§ **Exercise brief**
Everything from the line containing "2014 Opel Astra" through the end of the entries should be output exactly; nothing before it is wanted.
(Available data Opens)
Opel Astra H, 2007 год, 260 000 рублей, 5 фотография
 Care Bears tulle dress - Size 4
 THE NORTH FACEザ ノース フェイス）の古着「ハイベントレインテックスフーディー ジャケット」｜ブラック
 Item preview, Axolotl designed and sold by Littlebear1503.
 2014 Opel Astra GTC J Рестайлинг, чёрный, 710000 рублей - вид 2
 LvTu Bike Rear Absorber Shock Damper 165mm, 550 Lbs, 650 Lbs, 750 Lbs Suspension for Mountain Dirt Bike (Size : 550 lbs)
(Available data Closes)
§ **Answer to the problem**
 2014 Opel Astra GTC J Рестайлинг, чёрный, 710000 рублей - вид 2
 LvTu Bike Rear Absorber Shock Damper 165mm, 550 Lbs, 650 Lbs, 750 Lbs Suspension for Mountain Dirt Bike (Size : 550 lbs)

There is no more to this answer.